Five, pharmacology embodiment
1. XIANLING GUBAO ZHIJI is to the influence of the whole bone amount of spay osteoporosis model rat vertebral body
Laboratory animal: the female healthy rat of 10 monthly age Wistar, body weight 350 ± 20g.Quality certification 19-052 is provided by Peking University's Experimental Animal Center.

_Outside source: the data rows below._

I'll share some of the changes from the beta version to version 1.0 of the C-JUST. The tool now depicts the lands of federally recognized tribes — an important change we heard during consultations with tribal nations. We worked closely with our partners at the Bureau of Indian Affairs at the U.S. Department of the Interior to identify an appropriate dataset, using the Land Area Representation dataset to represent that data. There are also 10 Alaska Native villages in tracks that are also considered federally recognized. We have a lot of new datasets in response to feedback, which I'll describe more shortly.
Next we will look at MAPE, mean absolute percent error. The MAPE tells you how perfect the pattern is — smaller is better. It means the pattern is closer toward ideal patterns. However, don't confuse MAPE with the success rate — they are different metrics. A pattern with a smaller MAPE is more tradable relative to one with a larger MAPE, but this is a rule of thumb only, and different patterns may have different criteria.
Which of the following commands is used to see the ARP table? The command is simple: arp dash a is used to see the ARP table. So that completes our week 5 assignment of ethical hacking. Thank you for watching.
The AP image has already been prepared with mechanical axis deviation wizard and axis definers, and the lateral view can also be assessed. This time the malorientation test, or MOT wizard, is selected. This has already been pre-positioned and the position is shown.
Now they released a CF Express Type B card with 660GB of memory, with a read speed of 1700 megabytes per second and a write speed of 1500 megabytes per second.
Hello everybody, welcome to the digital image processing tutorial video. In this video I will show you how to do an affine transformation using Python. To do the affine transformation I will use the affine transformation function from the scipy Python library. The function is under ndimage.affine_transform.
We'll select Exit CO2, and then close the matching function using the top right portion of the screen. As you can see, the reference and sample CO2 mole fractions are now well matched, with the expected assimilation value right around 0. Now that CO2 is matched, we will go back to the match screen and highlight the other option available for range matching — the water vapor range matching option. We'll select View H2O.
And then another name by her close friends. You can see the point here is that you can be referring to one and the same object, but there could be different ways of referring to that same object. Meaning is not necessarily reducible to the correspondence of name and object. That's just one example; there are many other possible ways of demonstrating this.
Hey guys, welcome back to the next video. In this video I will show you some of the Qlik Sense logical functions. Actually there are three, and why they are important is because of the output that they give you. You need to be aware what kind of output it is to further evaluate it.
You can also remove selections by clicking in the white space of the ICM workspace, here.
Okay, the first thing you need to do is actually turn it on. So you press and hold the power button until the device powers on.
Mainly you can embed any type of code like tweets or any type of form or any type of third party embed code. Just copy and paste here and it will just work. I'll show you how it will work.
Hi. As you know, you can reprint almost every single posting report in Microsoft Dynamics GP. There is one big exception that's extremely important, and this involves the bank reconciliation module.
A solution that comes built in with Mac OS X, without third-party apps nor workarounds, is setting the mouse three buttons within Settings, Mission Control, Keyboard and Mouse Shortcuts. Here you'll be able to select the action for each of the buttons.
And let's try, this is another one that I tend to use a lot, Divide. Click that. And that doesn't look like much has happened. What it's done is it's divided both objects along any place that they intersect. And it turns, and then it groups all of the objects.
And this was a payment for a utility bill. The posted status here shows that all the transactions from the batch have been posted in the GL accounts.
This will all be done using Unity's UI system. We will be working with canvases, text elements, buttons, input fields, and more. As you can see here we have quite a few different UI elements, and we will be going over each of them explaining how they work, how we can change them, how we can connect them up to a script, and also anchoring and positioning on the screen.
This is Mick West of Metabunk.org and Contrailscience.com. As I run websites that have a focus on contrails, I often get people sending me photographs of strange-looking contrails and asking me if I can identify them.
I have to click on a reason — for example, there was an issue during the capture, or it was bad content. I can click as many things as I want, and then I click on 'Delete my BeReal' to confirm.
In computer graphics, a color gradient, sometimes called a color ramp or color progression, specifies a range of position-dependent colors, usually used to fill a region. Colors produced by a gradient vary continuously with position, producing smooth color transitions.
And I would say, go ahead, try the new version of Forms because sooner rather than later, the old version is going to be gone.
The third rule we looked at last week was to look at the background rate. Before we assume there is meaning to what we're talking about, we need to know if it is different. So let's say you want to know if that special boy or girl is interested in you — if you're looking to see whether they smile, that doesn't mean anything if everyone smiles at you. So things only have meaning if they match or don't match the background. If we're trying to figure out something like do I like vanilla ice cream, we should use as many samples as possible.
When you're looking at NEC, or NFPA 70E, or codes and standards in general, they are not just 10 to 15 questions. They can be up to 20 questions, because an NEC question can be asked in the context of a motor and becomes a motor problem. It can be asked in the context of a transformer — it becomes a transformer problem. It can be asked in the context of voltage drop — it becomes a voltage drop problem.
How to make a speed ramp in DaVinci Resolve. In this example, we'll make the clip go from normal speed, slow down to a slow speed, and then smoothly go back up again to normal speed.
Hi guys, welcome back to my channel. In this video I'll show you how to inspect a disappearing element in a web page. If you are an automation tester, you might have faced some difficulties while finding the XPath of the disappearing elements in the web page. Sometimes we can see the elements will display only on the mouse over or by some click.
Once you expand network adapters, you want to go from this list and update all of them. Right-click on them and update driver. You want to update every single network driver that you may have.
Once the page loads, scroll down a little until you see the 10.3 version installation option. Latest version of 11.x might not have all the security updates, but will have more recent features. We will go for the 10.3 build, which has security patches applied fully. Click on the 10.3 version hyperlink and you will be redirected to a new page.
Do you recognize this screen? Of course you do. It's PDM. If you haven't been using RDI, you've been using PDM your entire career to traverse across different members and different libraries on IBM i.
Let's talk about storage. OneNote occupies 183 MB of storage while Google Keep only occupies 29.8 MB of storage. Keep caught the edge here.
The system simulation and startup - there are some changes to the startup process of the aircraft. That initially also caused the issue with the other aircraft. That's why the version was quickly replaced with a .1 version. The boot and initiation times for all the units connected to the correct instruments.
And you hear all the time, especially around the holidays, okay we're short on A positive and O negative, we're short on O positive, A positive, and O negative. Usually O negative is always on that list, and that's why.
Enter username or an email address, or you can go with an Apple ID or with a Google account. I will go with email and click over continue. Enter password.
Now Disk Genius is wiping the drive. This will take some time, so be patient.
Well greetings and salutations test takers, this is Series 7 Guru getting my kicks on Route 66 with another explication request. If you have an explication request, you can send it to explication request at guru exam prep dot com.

Experiment medicine: XIANLING GUBAO PIAN and XIANLING GUBAO JIAONANG (Tongjitang Pharmacy Co., Ltd., Guizhou's production); Xianlinggubao effervescent tablet (Qianluchun Science and Technology Co., Ltd., Beijing's laboratory provides);
Experimental technique: with 50 rats, be divided into 5 groups at random, 10 every group.1 group is removed group for the ovary sham cut, or claims normal group; 2 groups is the oophorectomize model group; 3 groups is the XIANLING GUBAO PIAN group: 4 groups is the XIANLING GUBAO JIAONANG group; 5 groups is the Xianlinggubao effervescent tablet group.The normal group not spay of only performing an operation, other 4 groups of row ovariectomys.Postoperative is normal raises and fullly begins medication after 3 months, and wherein XIANLING GUBAO PIAN group, Xianlinggubao effervescent tablet group dosage are equivalent to clinical equivalent dosage: every every day 100mg.Normal group and not medication of model group.Successive administration was expired in 3 months, put to death animal, and the 3rd lumbar vertebra of complete taking-up rat picks the soft tissue and the cartilage that adhere to only, remove spinous process and articular process, the two ends stress surface is polished and and axis normal, the vacuum dehumidifying, weigh, buoyancy method is measured the vertebral body volume, calculates whole bone amount.It is long-pending as the average cross-section of vertebral body to get the high ratio of vertebral body volume and vertebral body.At last vertebral body is placed on the electronic universal material testing machine, getting loading velocity is per minute 6mm, carries out the measurement and the analysis of vertebral body compressive stress.The results are shown in Table 2.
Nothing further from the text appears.